Hi @shahizat! Are you able to run CUDA stuff in PyTorch in this container (I suppose torch.cuda.get_device_name() like the callstack) or is it just k8s?

This is the C source of the torch._C._cuda_init() function: https://github.com/pytorch/pytorch/blob/de06345e9b7221dfa8d2ca90e1a40e03aa32004f/torch/csrc/cuda/Module.cpp#L1379

This is what prints that error, in response to cudaErrorInsufficientDriver
https://github.com/pytorch/pytorch/blob/de06345e9b7221dfa8d2ca90e1a40e03aa32004f/c10/cuda/CUDAFunctions.cpp#L39

If you ran deviceQuery in this container, would it report the same? If so, perhaps something during the kubernetes installation interfered with the drivers, or installed dGPU drivers from apt, things like that. Fortunately just a container to wipe and try again :)

1 Like

Hi @dusty_nv, thanks for your reply. 😊 I was able to run your Docker container and get torch.cuda.get_device_name() working without k8s, with the following results:

>>> import torch
>>> torch.cuda.get_device_name()
'Orin'

The same result I expected to see within microK8s environment. I’m using the container(dustynv/l4t-pytorch:r36.2.0) for my microK8s based YAML file, as you can see above.
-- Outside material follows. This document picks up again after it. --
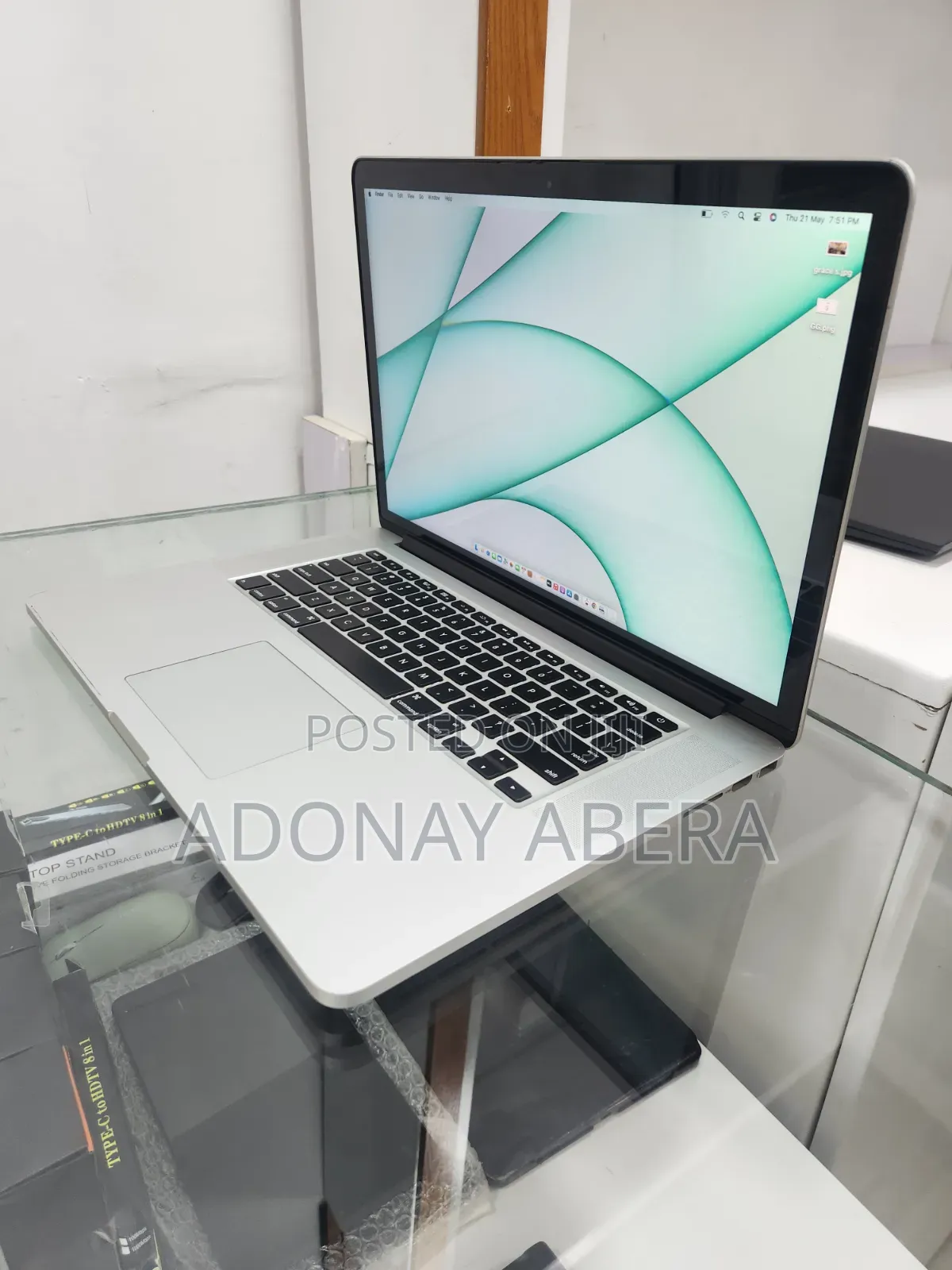 New Laptop Apple MacBook Pro 2015 16GB Intel Core i7 SSD 512GB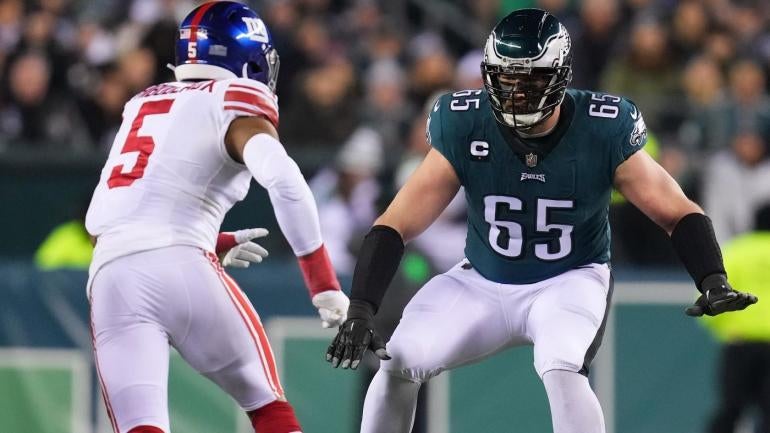 lane-johnson.jpg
BTW, I was unable to determine the location of ‘deviceQuery’ inside the container. I plan to check the installation of the cluster using k3s and verify the functionality of GPU passthrough there. I suspect that the installation via the Nvidia Device plugin might be incorrect, as I’m surprised that the GPU was identified. Maybe I am wrong.

Best regards,
Shakhizat

Hey Shakhizat, sorry for the delay - normally I don’t have the CUDA Toolkit samples in every CUDA container. You should just need to do this:

git clone https://github.com/NVIDIA/cuda-samples
cd cuda-samples/Samples/deviceQuery
make
./deviceQuery

or like this: jetson-containers/packages/cuda/cuda/Dockerfile.samples at master · dusty-nv/jetson-containers · GitHub

1 Like

This topic was automatically closed 14 days after the last reply. New replies are no longer allowed.